His keynote was not exclusively in the realm of philosophy. He had a number of anecdotes from his time at Tully Free Library, where he brought many of his views into reality. He helped create a library at the beach during the summer. The library facilitated a local teacher’s effort to continue a STEAM program that the school system was no longer able to fund. They did not control the effort, but rather provided space and an anchor institute to her for a grant she had already written. The ability of libraries to connect needs and aspirations to the appropriate resources is of incredible importance even if (and perhaps even more so moving forward) those resources are not directly owned by the library. He warned that we need to stop being library property evangelists.

After the keynote there were three separate rooms that ran sessions for the day’s remaining time slots. The complete schedule is available on the conference’s website.

In the space I have remaining I wanted to highlight one other presentation that I had the chance to attend, Empowering and Engaging Teens. Syntychia Kendrick-Samuel of Uniondale Public Library spoke about the programming they had done. She argued that the library should be seen as a safe space not merely to be, but also to experiment.

A number of classes were brought to the library through a grant Ms. Kendrick-Samuel wrote, and young adults were encouraged to apply for these classes. She notes the important paradigm shift between a sign-up sheet and the commitment of an application. The application required either receiving a letter of recommendation from an adult or a written essay on why participation in the class would benefit the student. Also, unexcused absences were grounds for being removed from the class. These efforts create a level of value for the program. They not only enhance its standing, but also the student’s own self-conception if they complete the class. There were also prizes given out for completion of the class such as Best Buy gift cards (one of the sponsors for the program). Having recently read Alfie Kohn’s Punished by Rewards, I had mixed feelings about this aspect, though overall the program’s success cannot be questioned.

Another advantage of the classes is that they connected teens with professionals in the area. This gets back to Mr. Delaney’s point that the library should absolutely elicit the aid of willing community members instead of focusing all services on what the library staff can provide. Uniondale Library was able to motivate students who might not have found success in the school system because the classes were taught in different fashions and had different forms of assessment. The classes created mutual respect between the participants as well, particularly during the panels on leadership and communication. Finally, it let teens find their voices and use them to engage the community in meaningful ways.

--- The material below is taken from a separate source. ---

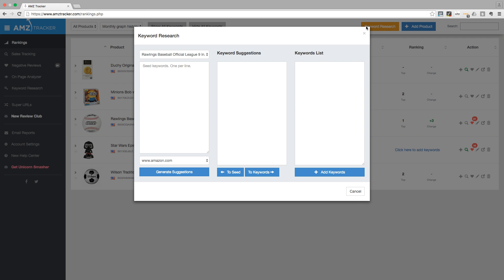Our keyword research tool is powered by Amazon search suggestions. If you type in a keyword on Amazon, the search box suggests phrases related to that keyword. Our keyword suggestions for your seed keywords are based on Amazon's suggested search phrases. So how does it work?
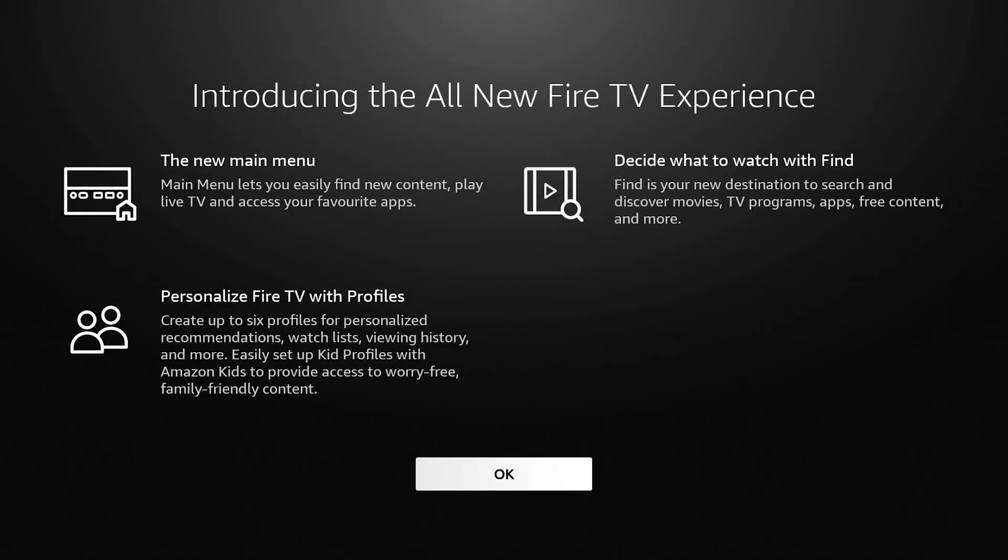What's up YouTube, it's Mark here from Next Level Tech and AndroidTV.tips. I turned on my Fire Stick today and got the new update.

One of the unexpected benefits of being a scholarship recipient was a chance to go to lunch with Lauren Comito, Director of Operations for ULU, and John Chrastka, Executive Director of EveryLibrary. It was great to share ideas with some of the movers in the library field while they took a moment away from the madness of keeping everything running. I feel incredibly fortunate that I was able to attend. Please feel free to get in touch with me if there is anything else about the conference you would like to know. I hope there will be many future Urban Librarians’ Conferences, and that my schedule and living situation allow me to continue engaging with this great group of professionals.